Remember the discussions on amending the DMCA that came up lately, via Channel Awesome’s #WTFU campaign and the public comments campaign prompted by TakeDownAbuse.org? The Copyright Office has been holding roundtable discussions at various places around the country. Mike Masnick of Techdirt took part in one and blogged about the problems it brought to light.
Masnick notes that the roundtables weren’t set up terribly well, as they featured 90-minute panel discussions with 20 participants, and allowed them only brief periods in which to respond to the points that were raised. More troublingly, the roundtables seemed mainly to serve as a forum for old-media partisans to raise concerns while ignoring those of people in new media environments—and the ideas proposed by the Copyright Office showed a lack of understanding of the needs of people in new media.
Anyone who’s been following e-books is well aware of how the new-media market for self-publishing has rocked the traditional publishing world over the last few years—but there are just as many other forms of new media in other areas of the Internet. For example, YouTube videos such as those produced by Channel Awesome represent a sort of audiovisual form of “self-publishing”—creators putting their work out there and earning money on it from YouTube.
Imagine if traditional publishers decided they wanted to make it harder for self-published works to compete with their own books. (Ironically, they actually got in trouble for making it harder for their own books to compete with self-published works.) That seems to be the kind of thing coming out of these roundtable meetings.
Masnick discusses the flawed “notice and staydown” idea, which old-media content owners think would be a good idea while ignoring concerns about abusive takedowns and new-media creators too afraid to file counternotices. Even proposing just to limit notice and staydown to “full-length content” poses the problem that plenty of full-length content can be uninfringing.
These old-media concerns seem to want to rewrite the rules to penalize specific players, such as Google, but that only ends up harming other companies or creating “weird and dangerous incentives” that require relatively small players such as Wikimedia or eBay to invest in expensive content filters to weed out “infringement.” They attempt to prioritize some forms of content, such as political content, over others. they want to penalize ISPs for rejecting takedown notices they don’t consider valid. They want to implement punishments for false counternotices (as if people weren’t scared enough to send counternotices already!).
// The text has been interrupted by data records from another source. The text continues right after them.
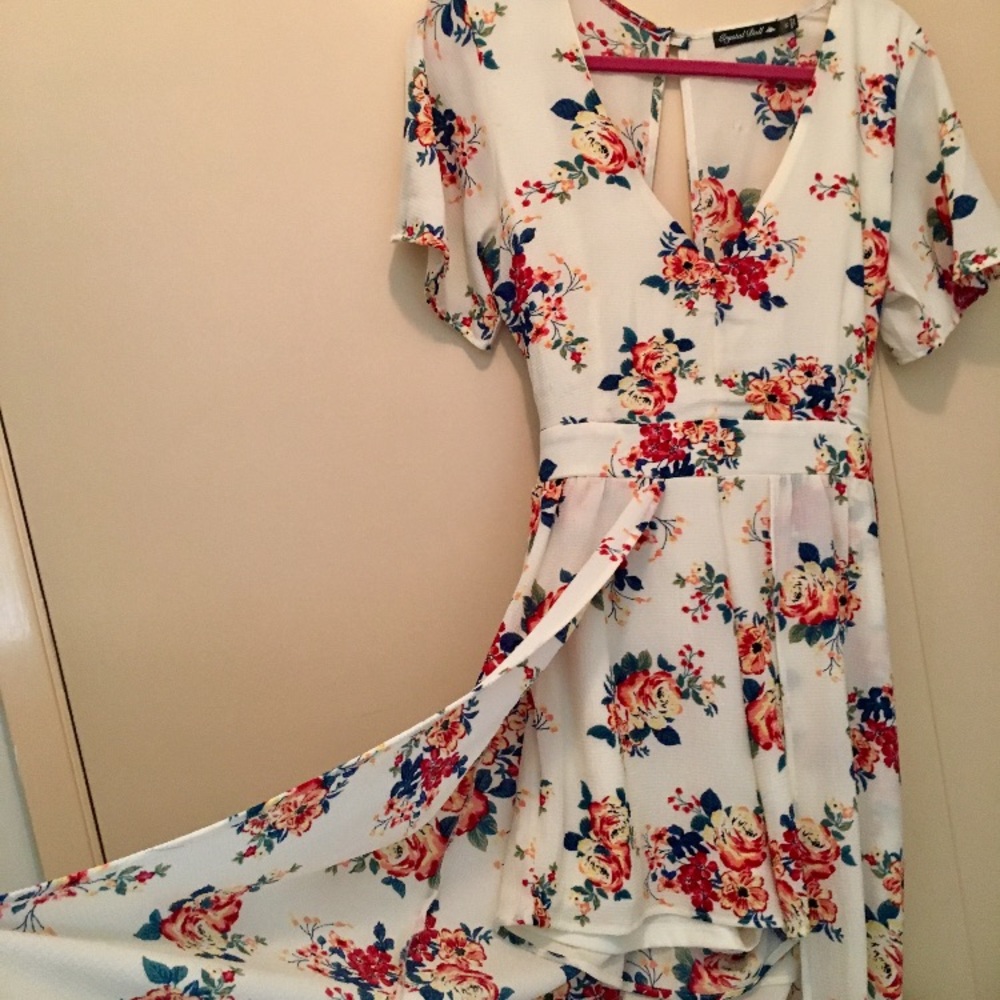 Dress - Picture 5 of 8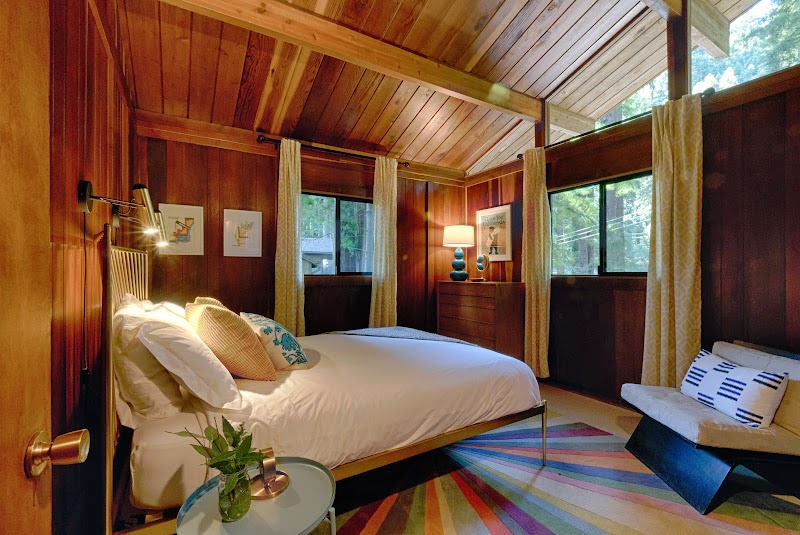 Lucky Bend Lookout Vacation Rental on the Russian River photo 2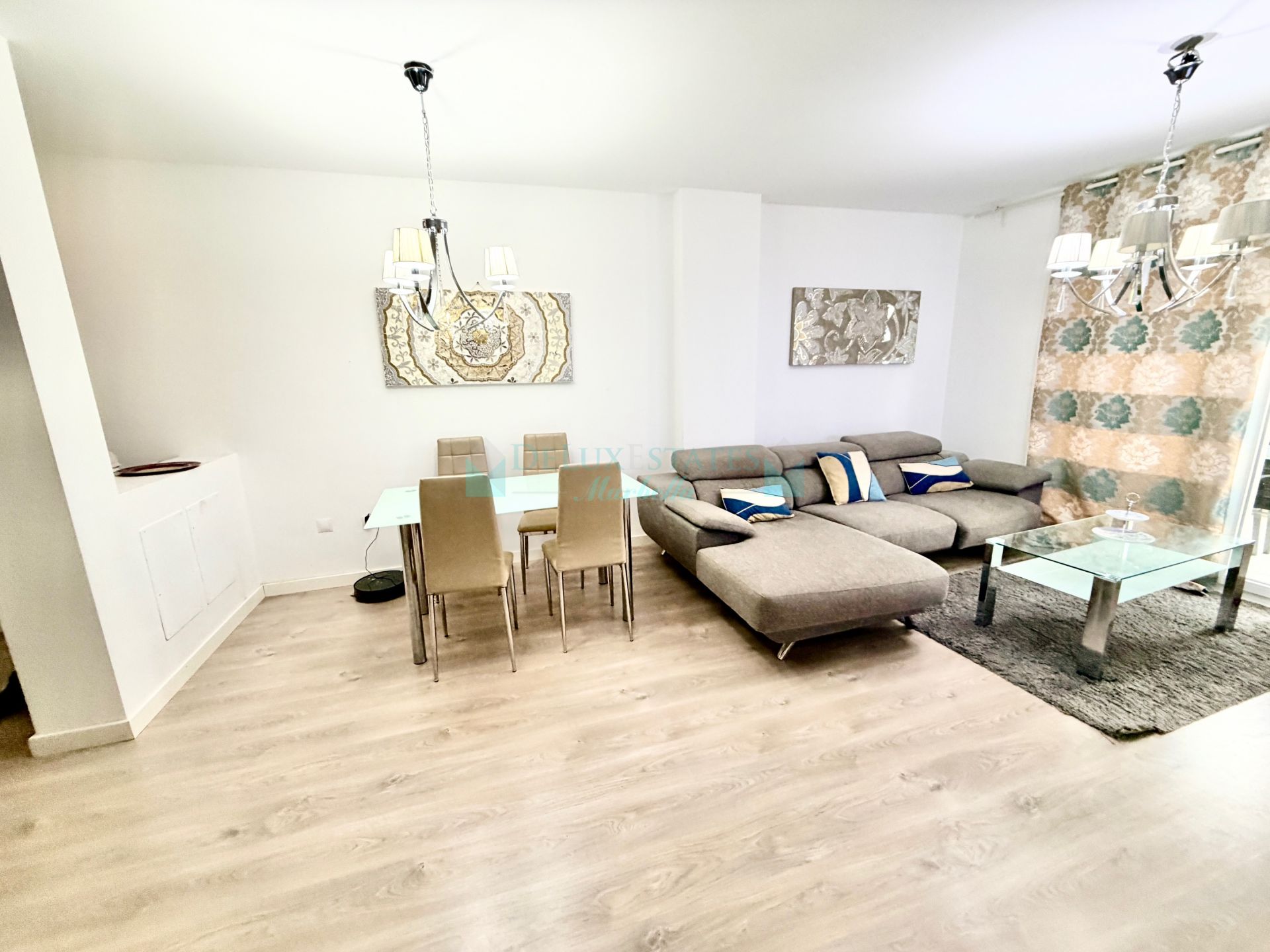 Apartamento en venta en Nueva Andalucia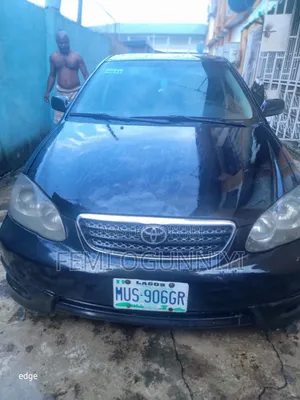 Toyota Corolla 2005 Black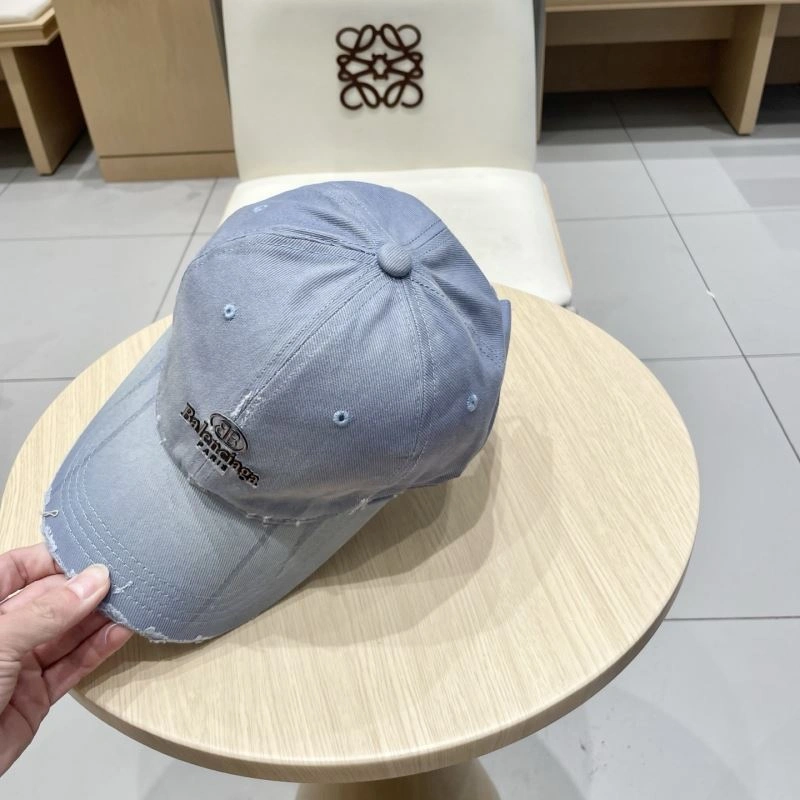 Breathable Balenciaga Caps 260811
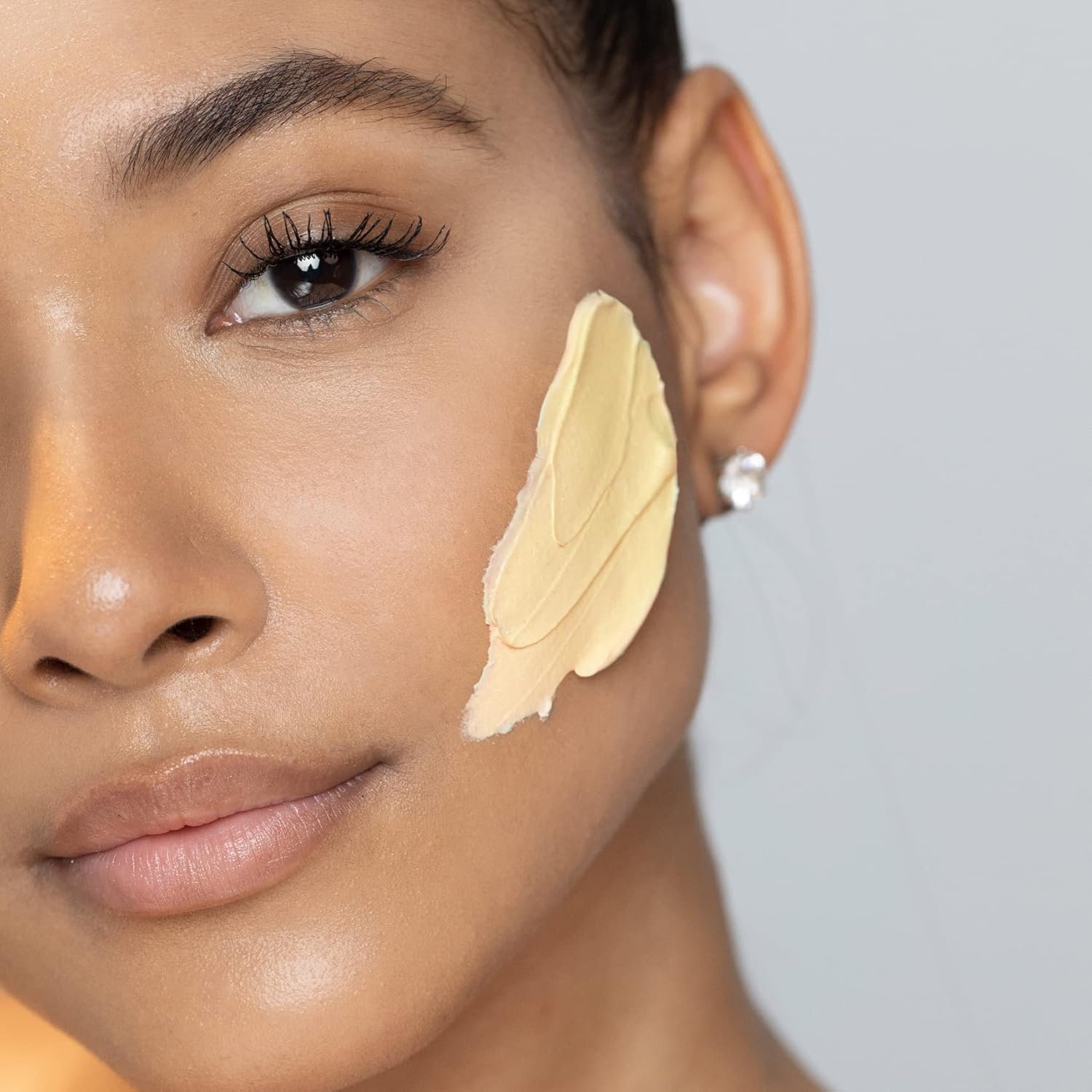 WOW Skin Science Turmeric Clay Face Mask - Brightening, Rejuvenating, Cleansing Masque for Even Complexion without Pimples, Blemishes & Blackheads - Bentonite & Kaolin Clay Facial Mask - 200 ml - Image 4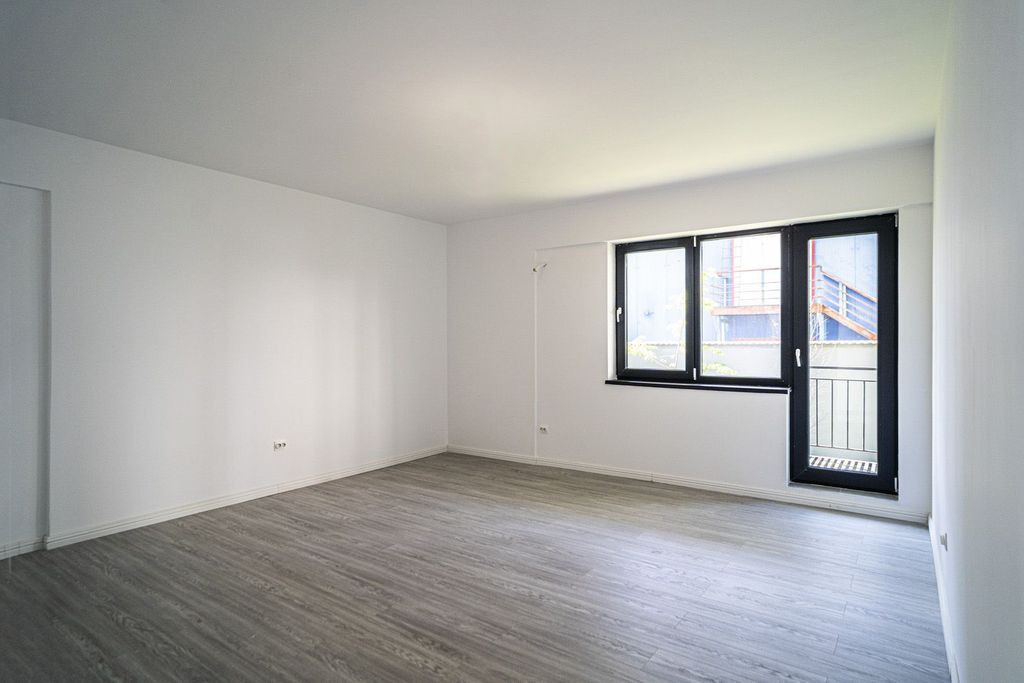 METROU PACII 2 CAMERE CU GRADINA DE 150 mp COMISION 0%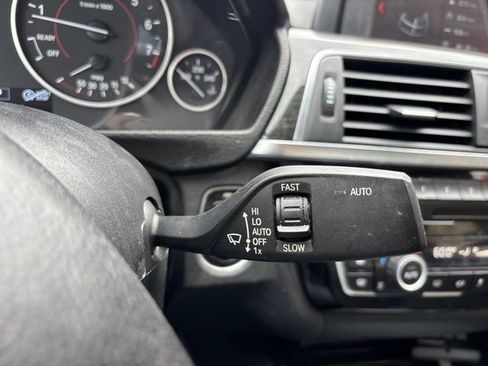 Used 2018 BMW 330i xDrive Sedan w/ Convenience Package image 41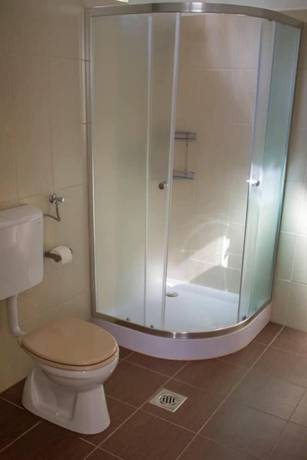 Imagen de la habitación del Microstore Airport Panzio. Foto 10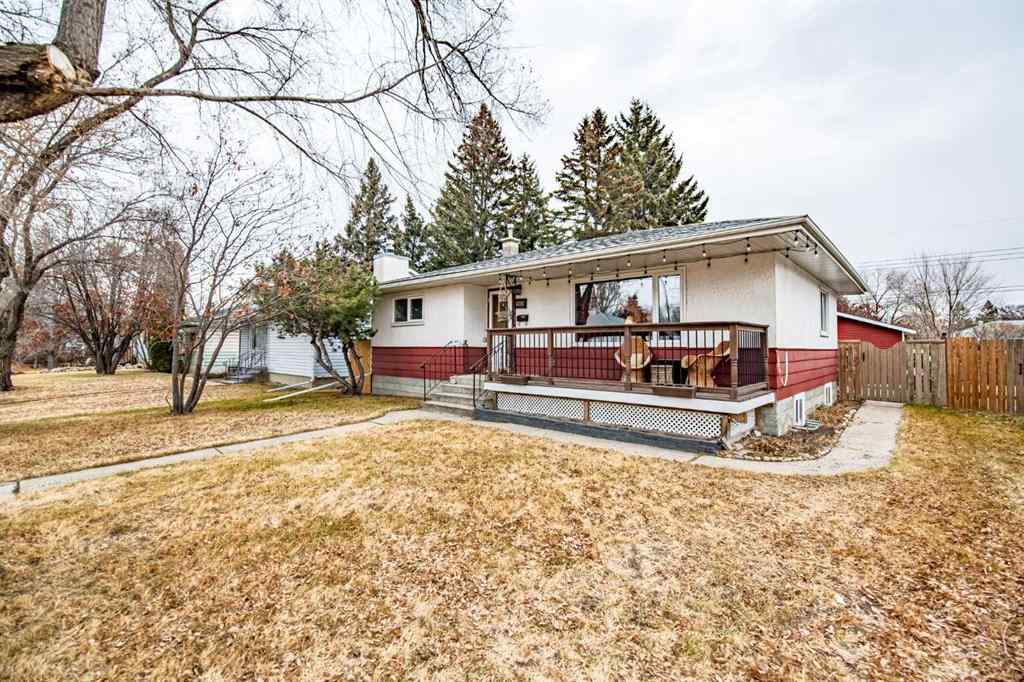 MLS&reg; # A2271529 - 4207 41 Avenue  in Grandview Red Deer, Residential Open Houses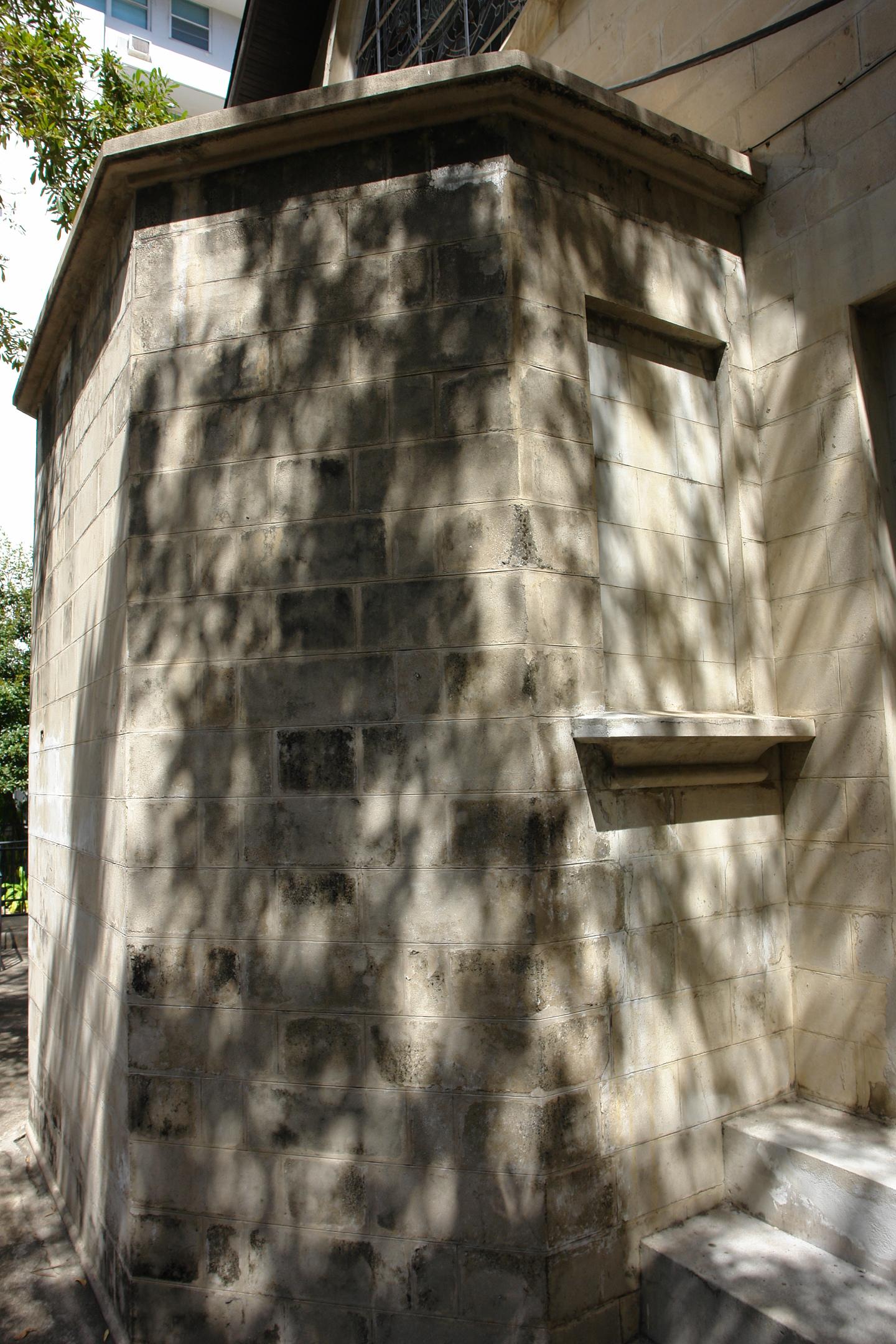 Capilla Nuestra Señora de Lourdes - San Juan (Miramar) - 2011 00099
Old-media concerns struggling to make money blame new media platforms such as Google and YouTube for their trouble—yet many new media creators are able to monetize their original content on those very same platforms. (Just as many writers are now able to make a living via self-publishing.) They feel that “voluntary measures” where the tech and media industries cooperate could solve many of these issues, yet such measures tend to leave out the general public who are also an important stakeholder in the process. Effectively, they seem to assume that technology is magic—”if Silicon Valley can build a self-driving car, surely it can build a technology that can determine what is and what is not fair use.” But that’s simply not how it works.
All in all, the two days of hearings was somewhat frustrating. I had hoped that it might be a way to actually have some productive discussions that actually focused on what was best for “promoting the progress.” Instead, it seemed to involve the Copyright Office coming in with preconceived notions, mainly focused on how copyright law can be changed to better prop up legacy business models, at the expense of the public and innovation—including all of the new creators who rely on that innovation.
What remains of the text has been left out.